The findings in our patient are reminiscent of previous reports of intimal or mural granulomatous arteritis and phlebitis [2, 7, 8]. The granulomas confined to the vessel walls at a distance from peripheral granulomas and the subendothelial intimal granulomas strongly support a non-classical pattern of vasculitis coexisting with, and independent from, the classical spread of perivascular granulomas through the vessel wall, in keeping with the suggestion nearly 50 years ago by Rosen et al. [7]. Moreover, as illustrated in figure 1j, marked intimal infiltration by macrophages and monocytes, often combined with lymphocytes, was observed at a distance from the granulomas, with cells seen to cross the endothelial layer. This infiltration, together with the formation of unorganised intimal granulomas, might be a first step in the development of vasculitis pathology.

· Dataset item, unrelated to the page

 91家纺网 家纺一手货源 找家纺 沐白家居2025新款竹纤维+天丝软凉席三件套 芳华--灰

Moreover, injury to small lung vessels at a distance from, or in the absence of, granulomas has been documented in patients with sarcoidosis, including at the ultrastructural level [9]. Inflammatory vasculitis distinct from, but synchronous with, granulomas has been described within sarcoid skin lesions [10]. These data support the hypothesis of inflammatory luminal vasculitis as an alternative pattern of sarcoid angiitis, at least at some point in the course of the disease.

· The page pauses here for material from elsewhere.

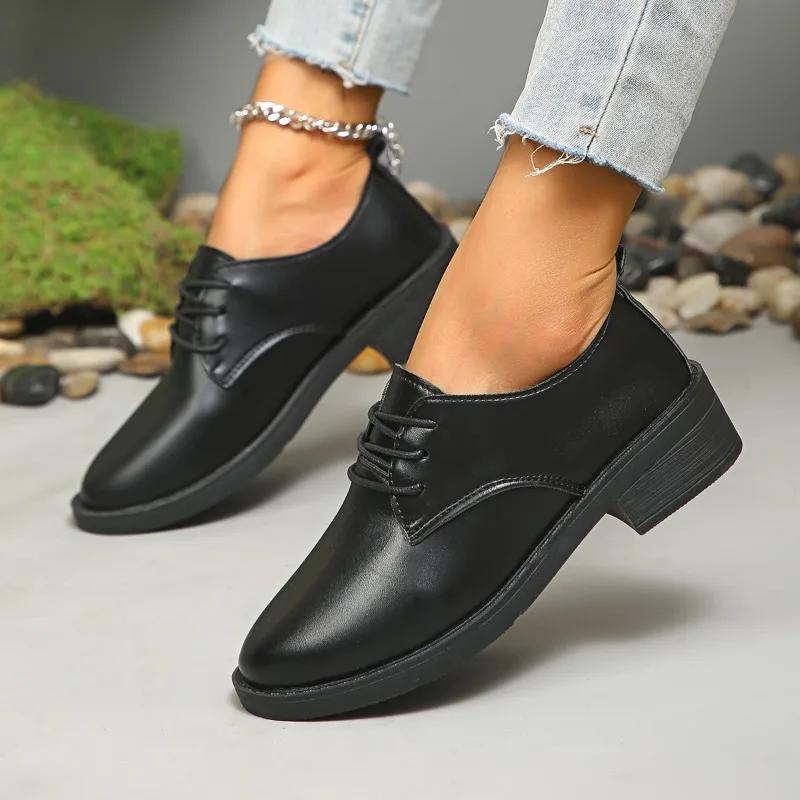 Solid Color Pointed Toe Comfortable Women's Single Shoes Temperament Lace-up Square Heel Spring and Autumn Women's Shoes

Why this pattern is no longer described in recent work on vascular involvement in pulmonary sarcoidosis deserves discussion. Conceivably, it may be transient, being present only at the initial or florid phase of sarcoidosis. Our patient had recent-onset sarcoidosis with widespread, florid, nonfibrotic granulomas, and the transplantation may have allowed detection of the early steps of sarcoid vasculitis. In keeping with this possibility, between 1976 and 1992, when descriptions of this pattern were published, surgical lung biopsies were widely performed for the diagnosis of interstitial lung diseases, including sarcoidosis [2, 7, 8].

The role for cellular and humoral immunity in pulmonary hypertension, including the idiopathic form, is a focus of growing attention [11]. The part played by monocytes and macrophages is of special interest. The vascular inflammation chiefly mediated by macrophages and lymphocytes in this non-classical pattern of sarcoid vasculitis may be pivotal in the development of pulmonary hypertension in sarcoidosis and may explain, at least in part, some of the pathological features, such as septal fibrosis, responsible for vein occlusion even in the absence of local fresh granulomas or granuloma ghosts.

The spread of intimal subendothelial granulomas in contact with endothelial cells suggests an immune conflict at the blood–vessel interface. In the late 1970s, several studies identified circulating immune complexes in patients with sarcoidosis, notably at the florid phase [12, 13]. The possible involvement in sarcoidosis of autoimmunity with autoantibody production is being actively investigated [14]. Although pulmonary sarcoidosis may be chiefly related to airborne triggers or antigens, bloodborne humoral or cellular autoimmune factors targeting structural lung components may also be involved, as suggested by the rapid recurrence of this systemic disease in our patient.

In conclusion, the replication of older findings in our patient may suggest new avenues of research into the various pulmonary hypertension patterns associated with sarcoidosis and, more specifically, may point to hypotheses for explaining the presence of pulmonary hypertension despite limited pulmonary involvement [4, 15].